くらし

【山田ルイ53世のお悩み相談】馬鹿まじめな自分に生きづらさを感じています。

お笑いコンビ髭男爵のツッコミ担当で、作家としても活動中の山田ルイ53世さんが読者のお悩みに答える連載。今回はまじめすぎて損をしがちな女性からの相談です。
  • 撮影・中島慶子

<お悩み>
馬鹿まじめな自分に生きづらさを感じています。
家事と育児と仕事でヘトヘトになるのがわかってるのに、どれにも手を抜けず、過労で倒れたことも何度かあり、多忙を極め何を食べても、なかなか健康的な体重になれません。
職場にはお局化したワーママが複数存在し、そうはなりたくないと思うけど、元気そうにまるまるしている彼女達を見ると、うらやましくもなります。
仕事中に夕飯の食材を買って会社の冷蔵庫に入れていたり、上司が出張の日は自部署の電話にすらでない。そんなずる賢さを持ち合わせてないと、両立は難しいのでしょうか。私の会社が特殊なんでしょうか。お局ワーママには「あなたが仕事をすると、私達も仕事をしないといけなくなるから迷惑」と言われています。適当にサボって彼女たちに合わせれば楽かもしれませんが、性格上、仕事をサボれません。どうしたらよいのでしょうか。 (はなママ/女性/輸送会社の事務をしている30代後半の会社員です。

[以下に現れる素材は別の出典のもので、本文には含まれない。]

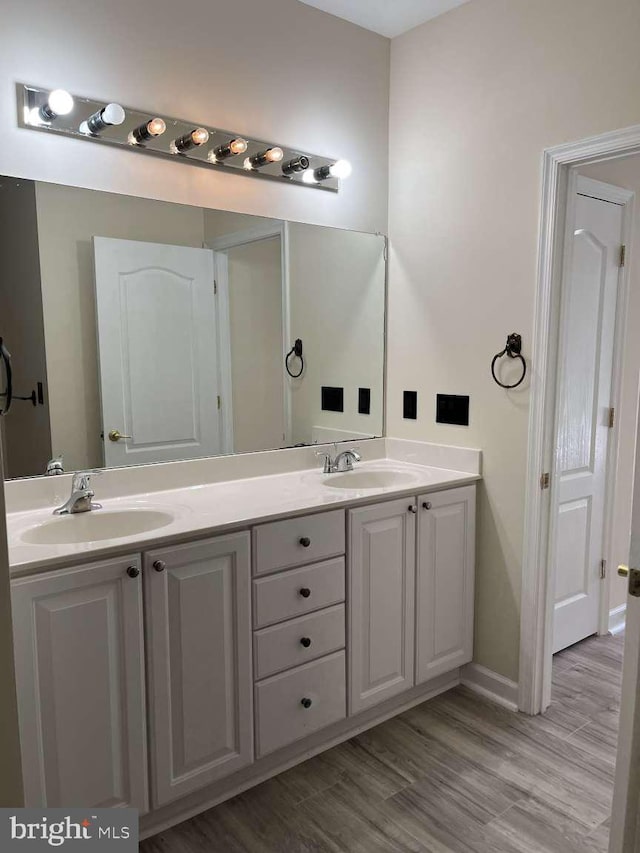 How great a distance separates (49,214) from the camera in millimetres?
2039

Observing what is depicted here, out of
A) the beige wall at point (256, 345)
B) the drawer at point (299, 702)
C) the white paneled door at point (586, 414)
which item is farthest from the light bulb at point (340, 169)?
the drawer at point (299, 702)

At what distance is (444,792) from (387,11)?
9.28ft

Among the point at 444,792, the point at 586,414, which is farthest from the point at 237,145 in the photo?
the point at 444,792

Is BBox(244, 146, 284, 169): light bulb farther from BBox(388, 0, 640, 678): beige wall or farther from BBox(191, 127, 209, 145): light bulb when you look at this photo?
BBox(388, 0, 640, 678): beige wall

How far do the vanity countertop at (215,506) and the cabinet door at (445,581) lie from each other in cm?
9

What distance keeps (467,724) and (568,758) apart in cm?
36

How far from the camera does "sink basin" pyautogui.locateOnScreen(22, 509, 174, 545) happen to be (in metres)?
1.94

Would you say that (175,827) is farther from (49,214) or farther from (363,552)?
(49,214)

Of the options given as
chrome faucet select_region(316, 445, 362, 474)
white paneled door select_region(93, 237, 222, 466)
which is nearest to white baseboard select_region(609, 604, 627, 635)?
A: chrome faucet select_region(316, 445, 362, 474)

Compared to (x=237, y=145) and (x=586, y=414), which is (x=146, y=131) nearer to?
(x=237, y=145)

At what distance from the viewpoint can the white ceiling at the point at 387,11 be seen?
253 centimetres

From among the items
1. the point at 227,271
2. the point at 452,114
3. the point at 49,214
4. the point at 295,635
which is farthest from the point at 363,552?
the point at 452,114

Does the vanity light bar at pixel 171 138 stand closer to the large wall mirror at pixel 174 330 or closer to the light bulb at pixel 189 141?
the light bulb at pixel 189 141

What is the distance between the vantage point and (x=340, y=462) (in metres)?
2.72
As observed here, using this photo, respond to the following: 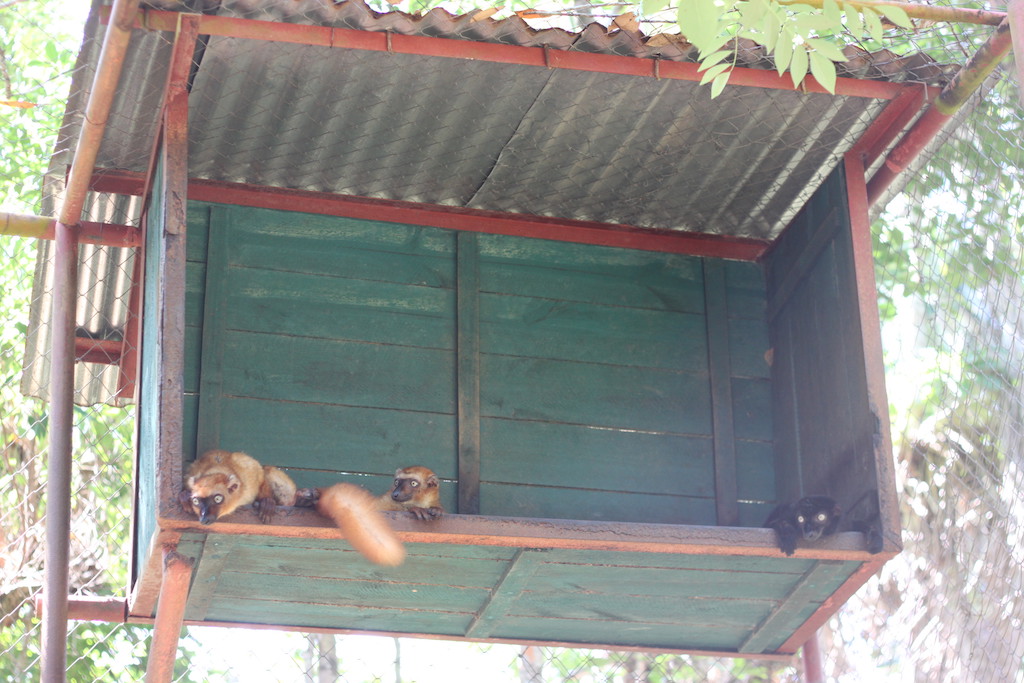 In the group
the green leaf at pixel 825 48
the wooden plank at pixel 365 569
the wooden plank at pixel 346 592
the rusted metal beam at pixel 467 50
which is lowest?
the wooden plank at pixel 346 592

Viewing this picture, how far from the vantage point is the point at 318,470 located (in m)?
5.55

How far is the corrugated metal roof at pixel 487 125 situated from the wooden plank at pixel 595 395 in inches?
32.9

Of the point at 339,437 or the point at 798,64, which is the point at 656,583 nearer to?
the point at 339,437

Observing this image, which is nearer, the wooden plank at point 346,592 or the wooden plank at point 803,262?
the wooden plank at point 346,592

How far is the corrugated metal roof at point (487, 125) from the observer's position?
495 centimetres

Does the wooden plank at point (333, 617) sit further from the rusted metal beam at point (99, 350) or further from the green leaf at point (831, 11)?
the green leaf at point (831, 11)

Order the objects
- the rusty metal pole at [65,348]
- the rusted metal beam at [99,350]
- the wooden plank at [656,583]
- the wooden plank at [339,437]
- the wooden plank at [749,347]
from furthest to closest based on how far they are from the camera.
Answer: the rusted metal beam at [99,350] < the wooden plank at [749,347] < the wooden plank at [339,437] < the wooden plank at [656,583] < the rusty metal pole at [65,348]

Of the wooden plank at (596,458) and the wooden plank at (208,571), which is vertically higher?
the wooden plank at (596,458)

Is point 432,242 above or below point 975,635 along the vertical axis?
above

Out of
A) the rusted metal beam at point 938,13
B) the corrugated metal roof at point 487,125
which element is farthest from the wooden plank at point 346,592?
the rusted metal beam at point 938,13

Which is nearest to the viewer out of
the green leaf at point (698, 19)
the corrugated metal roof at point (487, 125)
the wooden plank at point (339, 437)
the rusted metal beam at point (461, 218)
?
the green leaf at point (698, 19)

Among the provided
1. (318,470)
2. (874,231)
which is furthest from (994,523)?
(318,470)

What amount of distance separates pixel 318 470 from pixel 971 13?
3.36 metres

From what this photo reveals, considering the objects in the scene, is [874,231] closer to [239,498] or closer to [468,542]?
[468,542] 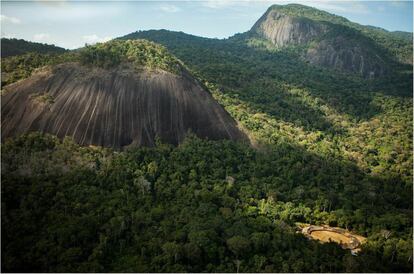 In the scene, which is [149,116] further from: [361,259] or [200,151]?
[361,259]

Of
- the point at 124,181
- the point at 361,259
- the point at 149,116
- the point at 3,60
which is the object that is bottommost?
the point at 361,259

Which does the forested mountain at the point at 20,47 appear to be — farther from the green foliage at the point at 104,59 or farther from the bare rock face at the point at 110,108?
the bare rock face at the point at 110,108

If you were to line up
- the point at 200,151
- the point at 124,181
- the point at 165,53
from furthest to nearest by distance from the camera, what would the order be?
the point at 165,53
the point at 200,151
the point at 124,181

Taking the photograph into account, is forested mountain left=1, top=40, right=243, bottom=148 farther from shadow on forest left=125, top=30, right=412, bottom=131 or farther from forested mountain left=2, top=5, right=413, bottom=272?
shadow on forest left=125, top=30, right=412, bottom=131

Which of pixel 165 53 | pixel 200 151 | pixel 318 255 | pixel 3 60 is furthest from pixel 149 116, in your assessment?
pixel 318 255

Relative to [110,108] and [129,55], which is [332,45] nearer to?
[129,55]

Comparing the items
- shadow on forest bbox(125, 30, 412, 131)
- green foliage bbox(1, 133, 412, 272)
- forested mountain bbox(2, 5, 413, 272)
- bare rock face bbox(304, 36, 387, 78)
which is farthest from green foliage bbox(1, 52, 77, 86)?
bare rock face bbox(304, 36, 387, 78) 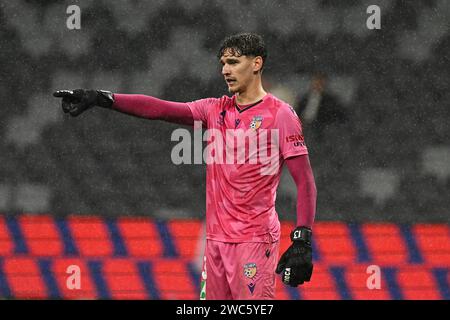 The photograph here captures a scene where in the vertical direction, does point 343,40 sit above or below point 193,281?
above

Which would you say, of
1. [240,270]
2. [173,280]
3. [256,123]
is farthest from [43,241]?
[256,123]

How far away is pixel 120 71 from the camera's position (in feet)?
28.0

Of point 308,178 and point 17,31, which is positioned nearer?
point 308,178

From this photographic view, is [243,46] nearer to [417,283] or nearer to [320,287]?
[320,287]

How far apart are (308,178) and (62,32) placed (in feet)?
14.4

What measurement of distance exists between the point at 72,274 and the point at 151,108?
11.4 ft

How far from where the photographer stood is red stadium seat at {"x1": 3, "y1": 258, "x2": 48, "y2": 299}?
26.5 ft

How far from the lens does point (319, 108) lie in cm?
855

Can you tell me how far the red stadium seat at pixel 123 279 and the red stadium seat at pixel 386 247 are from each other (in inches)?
77.7

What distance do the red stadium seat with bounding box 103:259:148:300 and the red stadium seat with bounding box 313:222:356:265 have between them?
156 centimetres

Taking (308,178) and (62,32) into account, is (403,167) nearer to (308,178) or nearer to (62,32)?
(62,32)

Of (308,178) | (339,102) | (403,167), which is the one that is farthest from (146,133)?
(308,178)

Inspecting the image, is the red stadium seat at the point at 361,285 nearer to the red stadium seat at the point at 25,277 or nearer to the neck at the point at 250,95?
the red stadium seat at the point at 25,277

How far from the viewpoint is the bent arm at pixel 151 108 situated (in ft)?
16.0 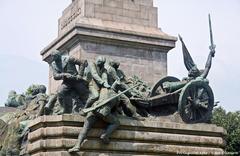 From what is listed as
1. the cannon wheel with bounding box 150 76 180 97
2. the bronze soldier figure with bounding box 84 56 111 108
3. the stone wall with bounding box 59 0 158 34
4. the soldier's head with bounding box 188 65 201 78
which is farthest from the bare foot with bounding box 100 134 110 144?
the stone wall with bounding box 59 0 158 34

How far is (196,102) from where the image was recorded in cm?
1795

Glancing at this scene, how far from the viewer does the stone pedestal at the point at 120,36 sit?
64.8ft

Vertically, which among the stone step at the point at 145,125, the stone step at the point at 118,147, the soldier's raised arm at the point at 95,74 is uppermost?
the soldier's raised arm at the point at 95,74

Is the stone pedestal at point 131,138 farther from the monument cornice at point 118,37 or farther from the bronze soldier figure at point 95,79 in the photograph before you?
the monument cornice at point 118,37

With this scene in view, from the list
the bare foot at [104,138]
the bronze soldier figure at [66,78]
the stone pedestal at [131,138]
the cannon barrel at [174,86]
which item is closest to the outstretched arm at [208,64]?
the cannon barrel at [174,86]

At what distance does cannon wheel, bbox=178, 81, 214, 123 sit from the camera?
58.3 feet

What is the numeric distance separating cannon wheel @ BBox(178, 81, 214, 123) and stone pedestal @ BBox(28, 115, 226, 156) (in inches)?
14.0

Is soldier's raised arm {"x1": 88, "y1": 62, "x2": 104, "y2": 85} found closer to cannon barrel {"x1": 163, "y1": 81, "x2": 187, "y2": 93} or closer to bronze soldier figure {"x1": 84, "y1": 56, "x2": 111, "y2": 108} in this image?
bronze soldier figure {"x1": 84, "y1": 56, "x2": 111, "y2": 108}

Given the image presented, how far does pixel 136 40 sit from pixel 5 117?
5.69m

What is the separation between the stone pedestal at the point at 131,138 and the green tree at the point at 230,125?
16.9 m

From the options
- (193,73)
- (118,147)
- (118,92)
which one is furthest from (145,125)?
(193,73)

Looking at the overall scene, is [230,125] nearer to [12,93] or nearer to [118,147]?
[12,93]

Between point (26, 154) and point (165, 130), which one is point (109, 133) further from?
point (26, 154)

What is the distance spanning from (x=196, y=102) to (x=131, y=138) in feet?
9.01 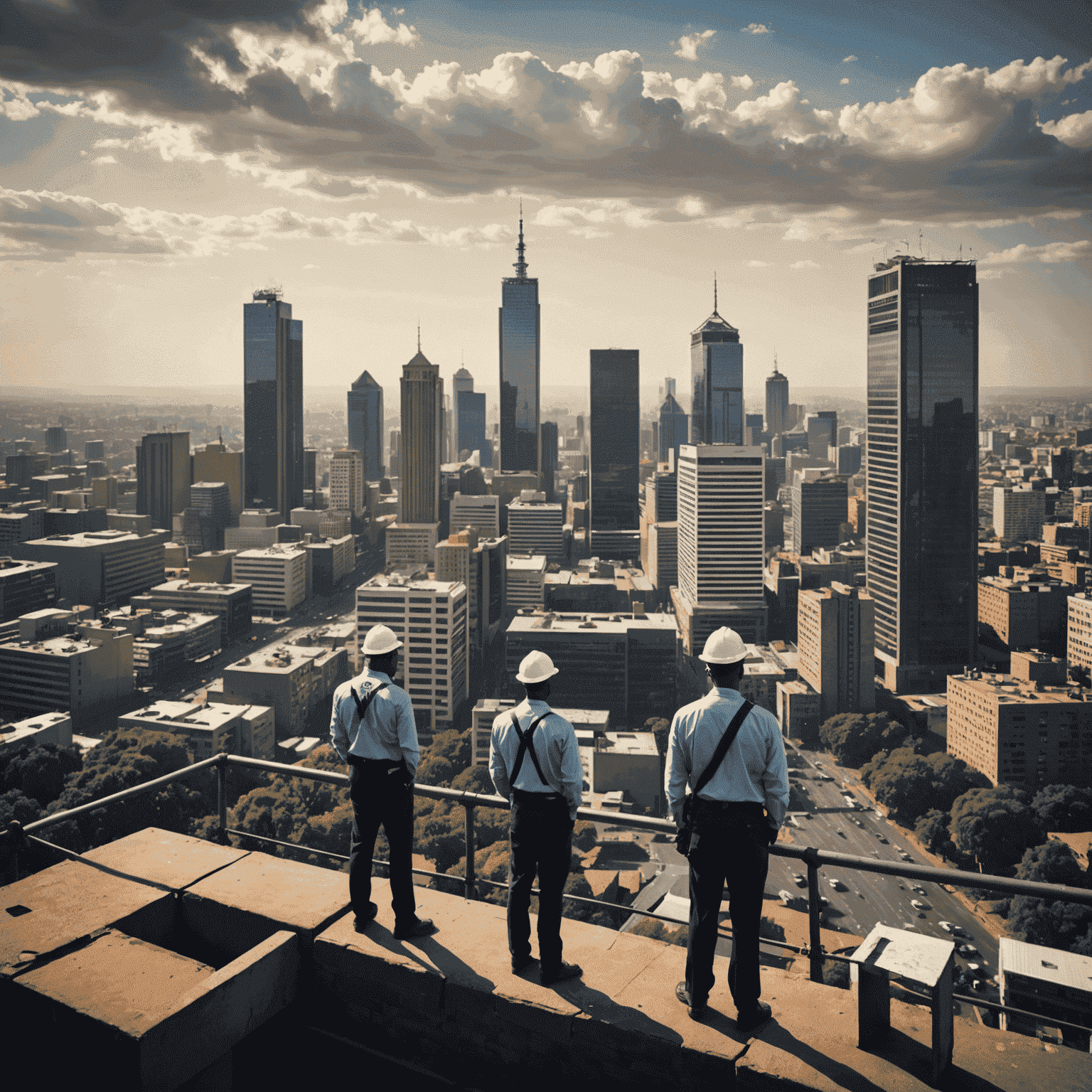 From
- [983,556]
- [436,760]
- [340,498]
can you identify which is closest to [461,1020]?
[436,760]

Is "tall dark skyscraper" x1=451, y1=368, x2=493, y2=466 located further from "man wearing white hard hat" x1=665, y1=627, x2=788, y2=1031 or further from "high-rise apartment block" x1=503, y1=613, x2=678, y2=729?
"man wearing white hard hat" x1=665, y1=627, x2=788, y2=1031

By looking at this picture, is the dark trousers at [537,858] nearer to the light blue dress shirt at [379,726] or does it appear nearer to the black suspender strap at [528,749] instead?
the black suspender strap at [528,749]

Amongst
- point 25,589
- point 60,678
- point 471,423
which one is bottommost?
point 60,678

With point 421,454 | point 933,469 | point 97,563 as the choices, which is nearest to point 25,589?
point 97,563

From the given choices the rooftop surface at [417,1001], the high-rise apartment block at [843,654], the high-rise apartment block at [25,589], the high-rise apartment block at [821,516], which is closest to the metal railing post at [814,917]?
the rooftop surface at [417,1001]

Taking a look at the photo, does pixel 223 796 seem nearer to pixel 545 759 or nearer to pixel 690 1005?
pixel 545 759

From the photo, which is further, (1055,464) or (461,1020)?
(1055,464)

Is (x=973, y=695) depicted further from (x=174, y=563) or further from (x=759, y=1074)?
(x=174, y=563) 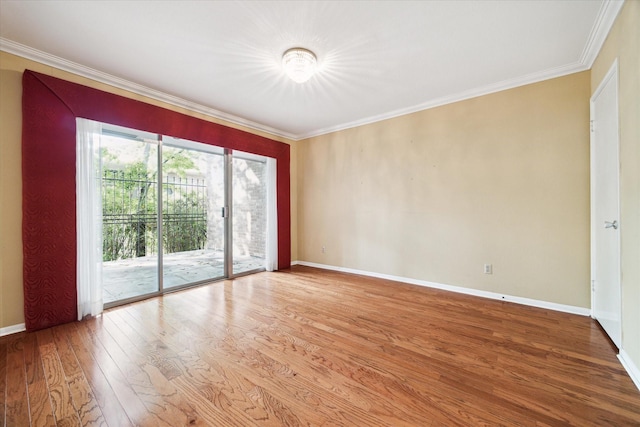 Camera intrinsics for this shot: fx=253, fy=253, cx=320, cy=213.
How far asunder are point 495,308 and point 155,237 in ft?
14.6

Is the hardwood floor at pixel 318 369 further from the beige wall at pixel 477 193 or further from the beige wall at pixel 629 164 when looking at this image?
the beige wall at pixel 477 193

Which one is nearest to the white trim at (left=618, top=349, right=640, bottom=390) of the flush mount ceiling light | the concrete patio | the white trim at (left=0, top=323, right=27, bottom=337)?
the flush mount ceiling light

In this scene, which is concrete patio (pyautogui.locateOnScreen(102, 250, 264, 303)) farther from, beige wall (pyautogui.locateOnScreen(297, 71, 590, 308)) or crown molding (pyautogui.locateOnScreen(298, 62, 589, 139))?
crown molding (pyautogui.locateOnScreen(298, 62, 589, 139))

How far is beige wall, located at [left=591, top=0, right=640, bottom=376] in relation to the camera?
1682 millimetres

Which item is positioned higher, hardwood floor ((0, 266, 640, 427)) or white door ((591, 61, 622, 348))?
white door ((591, 61, 622, 348))

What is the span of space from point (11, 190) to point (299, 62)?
9.90 ft

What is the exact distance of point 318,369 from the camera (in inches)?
73.2

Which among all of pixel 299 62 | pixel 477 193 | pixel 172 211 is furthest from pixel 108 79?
pixel 477 193

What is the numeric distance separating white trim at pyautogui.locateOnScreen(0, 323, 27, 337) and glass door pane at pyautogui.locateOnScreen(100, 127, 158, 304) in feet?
2.25

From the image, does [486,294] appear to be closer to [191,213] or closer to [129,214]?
[191,213]

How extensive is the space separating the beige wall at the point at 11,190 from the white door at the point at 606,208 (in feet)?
17.3

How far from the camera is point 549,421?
138 centimetres

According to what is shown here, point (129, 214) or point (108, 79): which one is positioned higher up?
point (108, 79)

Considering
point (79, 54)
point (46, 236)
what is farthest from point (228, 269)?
point (79, 54)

保育園と小学生3年生の子供がおり、共働きのため、毎日バタバタです。)

山田ルイ53世さんの回答

「仕事中に夕飯の食材を買って会社の冷蔵庫に入れる」のはまだしも、色々と厳しい今のご時世に、「あなたが仕事をすると、私達も仕事をしないといけなくなるから迷惑」などと宣(のたま)う「お局ワーママ」が幅を利かせる会社が存在し、その経営が成り立っているのは驚きです。
よほど、アットホームな会社なのでしょうか。
勿論、皮肉です。

とは言え。
お局達の勤務態度、その成果(の無さ)に対して、ヤキモキしたり、責任を取るべきは、上司のほうです。
「ずる賢い」と憤り、はなママさんがストレスを抱えることではない。

ご自身の時間・労力を割いてでも、彼女らを更生させようというなら、止めはしませんが、お勧めもしません。
面倒臭いし、何よりしんどい。

私事ですが、筆者は、お笑いに対して非常に消極的で、ネタも書かない人物と20年近く芸人稼業を共にしています。
結果、
「自分が頑張れば、それで良いのだ!」
との悟りに達しました。
淡々と自分の仕事を進め、お局様の戯言は適度にスルー。
これが得策かと。

何事にも真面目で、完璧にこなそうという、その姿勢はご立派。
しかし、「ヘトヘトになるのがわかってるのに、どれにも手を抜けず」、幾度も「過労で倒れた」ことがあり、「何を食べても、健康的な体重になれない」……答えはもう出ているかと思われます。
相談者は、ご自分の能力を超えたことをやろうとしている。
と言うか、やってこられた。
この辺で、何が一番大切なのか、優先順位をはっきりさせるべきです。
言うまでもなく、今、手を抜かず遂行すべきは、ご自身の心と体の健康、ひいては、ご家族の幸せです。
その目的に向かって、仕事の量を減らす、あるいは、家事・育児の軽減を試みることを"サボり"とは言いません。
マネージメント、自己管理と言います。

とにかく、全部は無理。
「ここまで!」
と、しっかり枠を定め、その範囲で完璧を目指してみては。
人間、ゴールがあってこそ、42.195キロも走れるというもの。
何も知らされず、只走れと言われては、世界のトップランナーとて5キロか10キロもいかぬうちに立ち止まってしまうことでしょう。
「性格上」などと悠長なことを言っている場合ではありません。
一刻も早く、
「全部は無理だったのだ」
としっかり自分を諦めてあげて下さい。

山田ルイ53世●お笑いコンビ、髭男爵のツッコミ担当。本名、山田順三。幼い頃から秀才で兵庫県の名門中学に進学するも、引きこもりとなり、大検合格を経て愛媛大学に進学。その後中退し、芸人へ。著書に『ヒキコモリ漂流記』(マガジンハウス)、『一発屋芸人列伝』(新潮社)、近著に『一発屋芸人の不本意な日常』(朝日新聞出版)。